Background information
- Birth name: George Hosni
- Born: August 3, 1975 (age 49) Monrovia, Liberia, Africa
- Origin: El Paso, Texas
- Genres: Punk rock, new wave, ska, reggae, electronic, skate rock, post-punk, industrial
- Occupation(s): Musician, record producer, record label owner
- Instrument(s): Guitar, bass, drums, keyboards, synthesizer, drum machine, vocals
- Years active: 1991–present
- Website: Red Ear Records

= George Fraska =

George Fraska (Hosni) (born August 3, 1975) is a songwriter and producer, who was born in Monrovia, Liberia, Africa. He is known for his role as lead vocalist, guitarist, and drummer for several underground bands such as Startled Calf, The Smiley Kids, Four!, the Scooterz and many other projects. Including an Operation Ivy coverband called The Freeze Up's and a Minor Threat coverband called Minor Treat.

==Biography==
Fraska is a multi-instrumentalist who plays drums, keyboards, bass, and guitar. In 1991, when he was 16, Fraska founded his first official band, Startled Calf, as drummer along with his friends Ralph Jasso, Omar Rodríguez-López, and Jimmy Hernandez. The band was only around for a couple years but accomplished much in the local scene. Band members later went on to start other successful projects. The first Startled Calf releases were on cassette.

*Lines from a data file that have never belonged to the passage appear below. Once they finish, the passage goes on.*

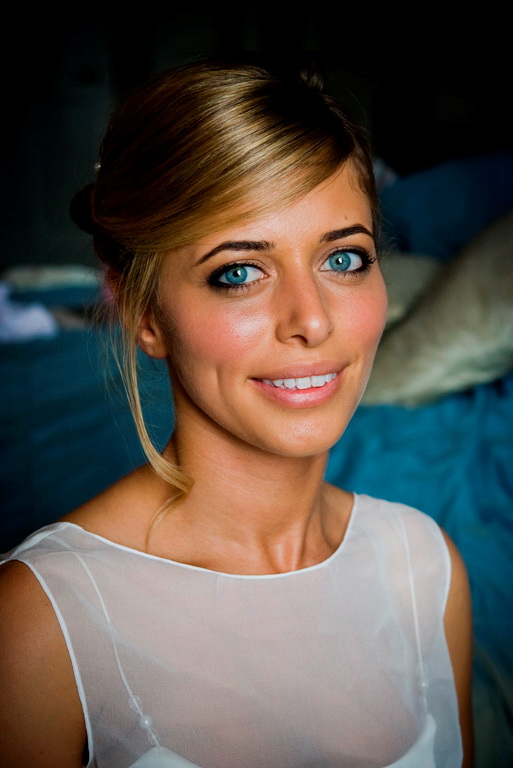 a beautiful blond lady with blue eyes looking off to the side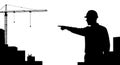 Construction Engineer Pointing at Building Site with Crane Silhouette Royalty Free Stock Photo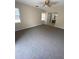 Spacious bedroom featuring neutral colored walls, ceiling fan, and connecting bathroom at 1880 N Crystal Lake Dr # 3, Lakeland, FL 33801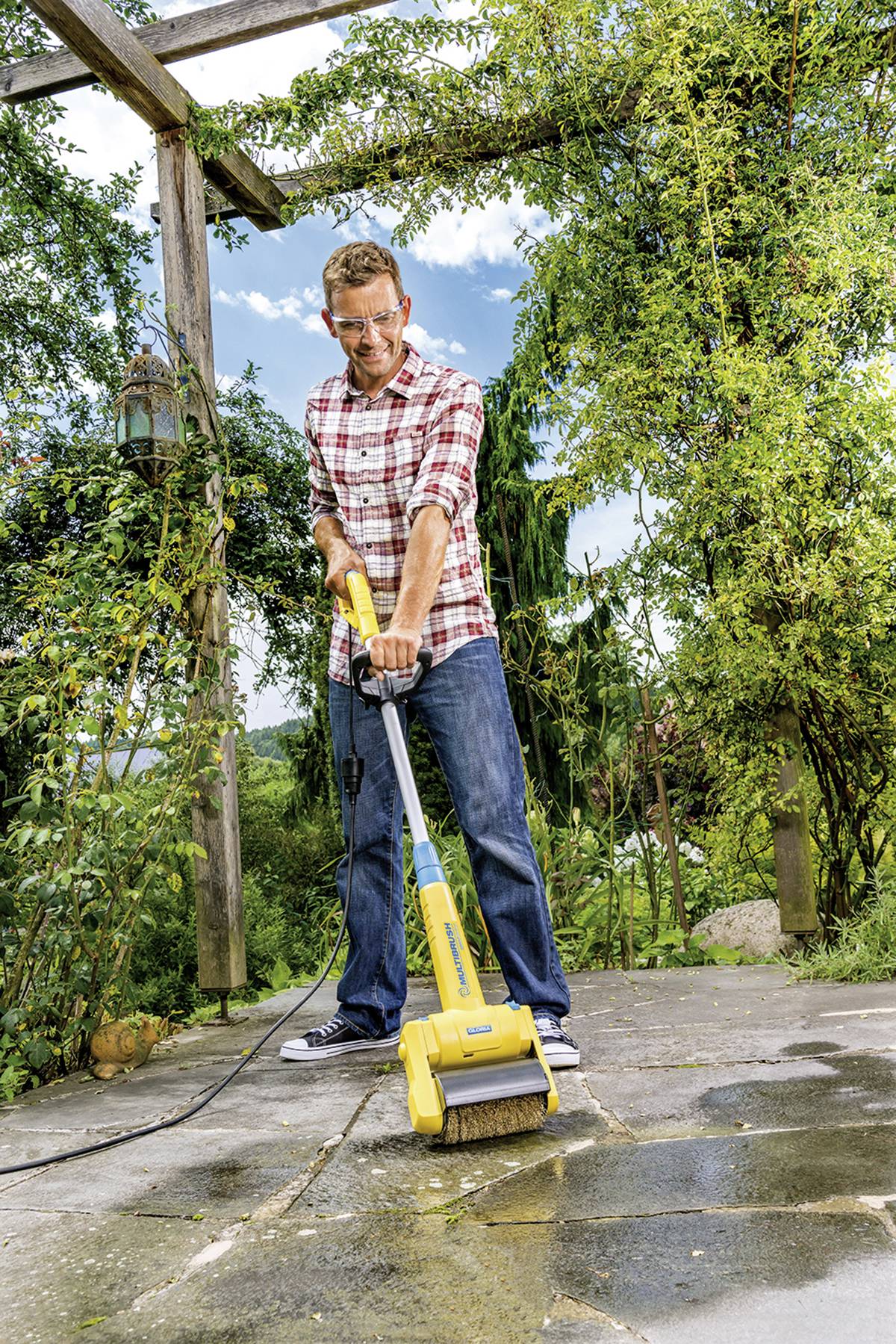 Eine Person reinigt eine Terrasse mit einem elektrischen Reinigungsgerät. Umgeben von üppigem Grün, unter einem Holzrahmen im Freien.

In the mid-1990s Fraska played in several different underground projects such as FOUR! Food Plaza, Jerk, Disgruntled Fish, The Messy Hairs, and Three Frisky Kids...FOUR! became his priority as they got busy and started touring more and more, playing shows with many bands such as Reel Big Fish, AFI, Propagandhi, The Aquabats, Less Than Jake, Swinging Utters, The Queers, Against All Authority, T.S.O.L./Joykiller, Rancid, Suicide Machines, The Rudiments, F.Y.P, Link 80, Skankin' Pickle, Youth Brigade, No Use for a Name, Citizen Fish/Subhumans, and many other bands.

FOUR! ended in 1997 and Fraska started The Smiley Kids. After some touring the band recorded their first album, Still smilin' after all these years. The band was gaining momentum and was offered a record deal by several record labels. The band eventually decided on one of the labels and hit the studio to record their 2nd album, "Don't Get Bored". The band toured with many bands including Switchfoot, Five Iron Frenzy, Ghoti Hook, The Blamed, and many others (see 5 Minute Walk).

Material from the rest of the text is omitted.